### [Task instructions]
Pictures in the entries below are excluded; copy only the lines from the one containing "Now I want to" to the one containing "Let's say I", both included.

### [Data to use]
Segment Open

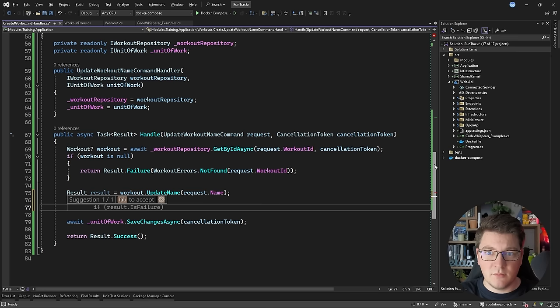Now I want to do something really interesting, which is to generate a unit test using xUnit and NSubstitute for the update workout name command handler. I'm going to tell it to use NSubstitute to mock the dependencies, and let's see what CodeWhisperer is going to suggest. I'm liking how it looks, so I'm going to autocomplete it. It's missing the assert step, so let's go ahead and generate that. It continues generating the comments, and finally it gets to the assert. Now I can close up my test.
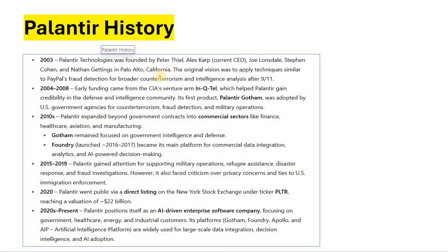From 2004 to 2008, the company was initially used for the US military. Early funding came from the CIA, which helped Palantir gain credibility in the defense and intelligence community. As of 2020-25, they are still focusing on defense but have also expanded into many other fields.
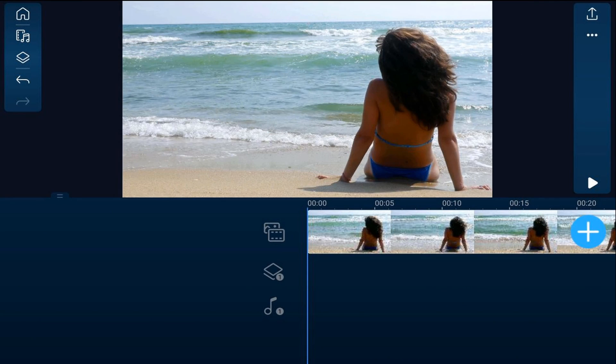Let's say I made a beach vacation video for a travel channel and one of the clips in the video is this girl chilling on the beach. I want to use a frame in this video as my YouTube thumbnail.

Segment Closed
Segment Open

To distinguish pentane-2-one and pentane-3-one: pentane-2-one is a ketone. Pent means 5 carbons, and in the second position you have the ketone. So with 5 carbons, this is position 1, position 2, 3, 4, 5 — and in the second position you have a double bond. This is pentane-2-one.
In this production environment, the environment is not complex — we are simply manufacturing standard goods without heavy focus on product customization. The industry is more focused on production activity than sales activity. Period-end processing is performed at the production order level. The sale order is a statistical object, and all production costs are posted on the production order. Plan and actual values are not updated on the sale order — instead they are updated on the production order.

Segment Closed
Segment Open

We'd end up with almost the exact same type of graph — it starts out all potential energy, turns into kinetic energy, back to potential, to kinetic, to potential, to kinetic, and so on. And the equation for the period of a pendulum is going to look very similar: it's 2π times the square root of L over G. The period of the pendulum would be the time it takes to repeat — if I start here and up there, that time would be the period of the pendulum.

Segment Closed

### [Your response]
Now I want to do something really interesting, which is to generate a unit test using xUnit and NSubstitute for the update workout name command handler. I'm going to tell it to use NSubstitute to mock the dependencies, and let's see what CodeWhisperer is going to suggest. I'm liking how it looks, so I'm going to autocomplete it. It's missing the assert step, so let's go ahead and generate that. It continues generating the comments, and finally it gets to the assert. Now I can close up my test.
From 2004 to 2008, the company was initially used for the US military. Early funding came from the CIA, which helped Palantir gain credibility in the defense and intelligence community. As of 2020-25, they are still focusing on defense but have also expanded into many other fields.
Let's say I made a beach vacation video for a travel channel and one of the clips in the video is this girl chilling on the beach. I want to use a frame in this video as my YouTube thumbnail.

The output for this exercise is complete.